* Work instruction: Transcribe the full listing without changing a word, and omit its pictures.

* Materials provided:
= Beginning of Section =
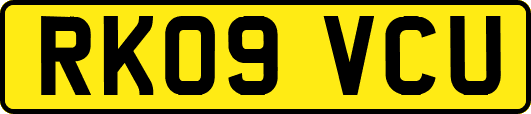 RK09VCU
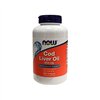 Cod Liver Oil, 650mg - 250 softgels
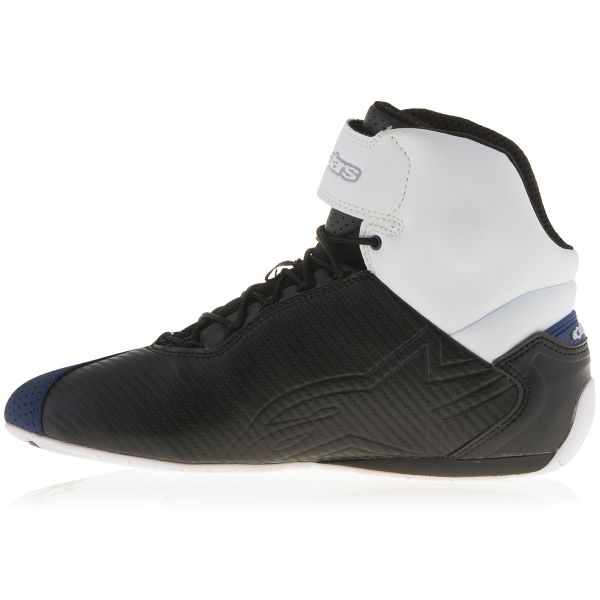 Alpinestars Faaster 2 Vented Black Navy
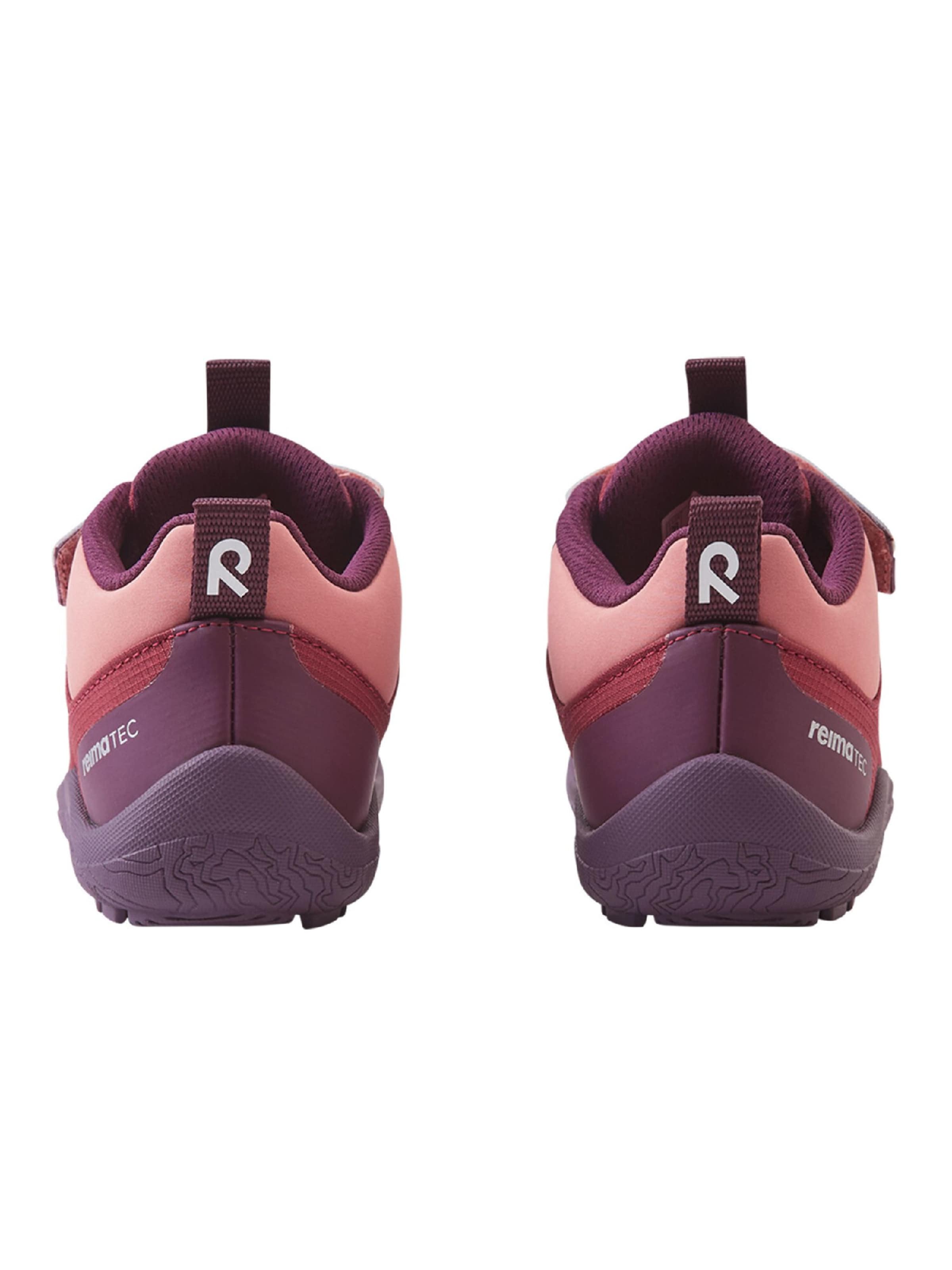 Baskets ' Viikari ' Reima en violet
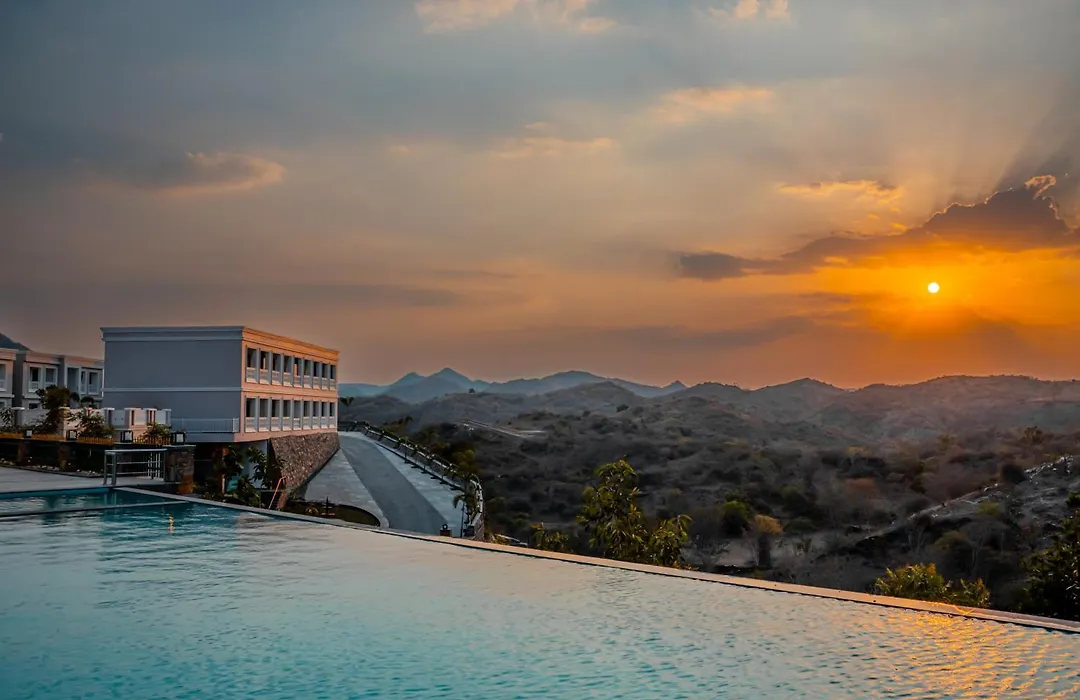 Tree Of Life Vantara Resort, Udaipur-1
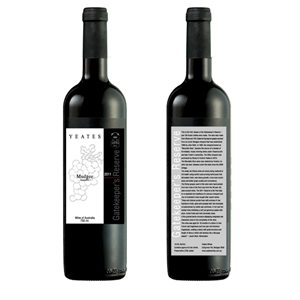 Label Design by mmalon for this project | Design: #905382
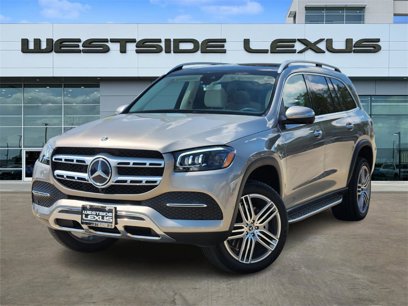 Used 2020 Mercedes-Benz GLS 450 4MATIC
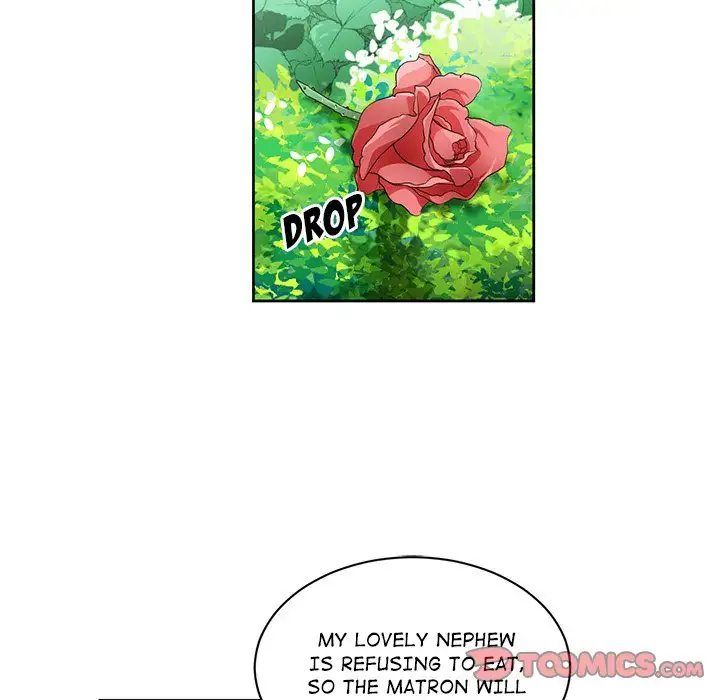 Our Secret Garden - Chapter 19 Page 18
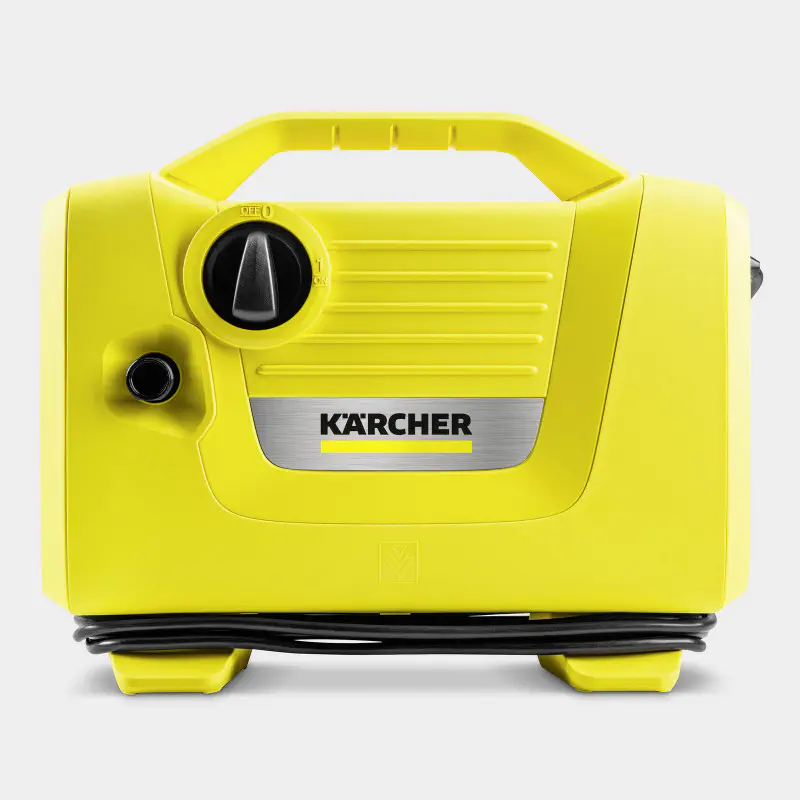 KARCHER K2 Power VPS High Pressure Washer, 1100W, 100bar, Car Washer; Stock: 11180010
= End of Section =
* Answer:
 RK09VCU
 Cod Liver Oil, 650mg - 250 softgels
 Alpinestars Faaster 2 Vented Black Navy
 Baskets ' Viikari ' Reima en violet
 Tree Of Life Vantara Resort, Udaipur-1
 Label Design by mmalon for this project | Design: #905382
 Used 2020 Mercedes-Benz GLS 450 4MATIC
 Our Secret Garden - Chapter 19 Page 18
 KARCHER K2 Power VPS High Pressure Washer, 1100W, 100bar, Car Washer; Stock: 11180010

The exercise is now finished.